* [Provided data]
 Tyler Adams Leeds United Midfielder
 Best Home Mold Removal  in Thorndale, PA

==

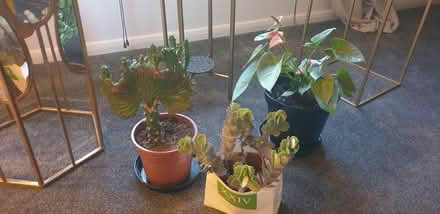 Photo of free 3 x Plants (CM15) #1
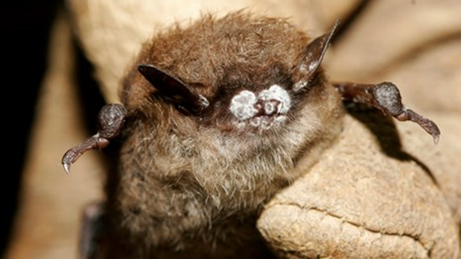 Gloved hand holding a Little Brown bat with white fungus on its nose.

* [Description of the task]
Begin at the line that has "Tyler Adams Leeds United Midfielder" in the entries above; stop after the line that has "Best Home Mold". Transcribe exactly those lines and no others.

* [Answer to this task]
 Tyler Adams Leeds United Midfielder
 Best Home Mold Removal  in Thorndale, PA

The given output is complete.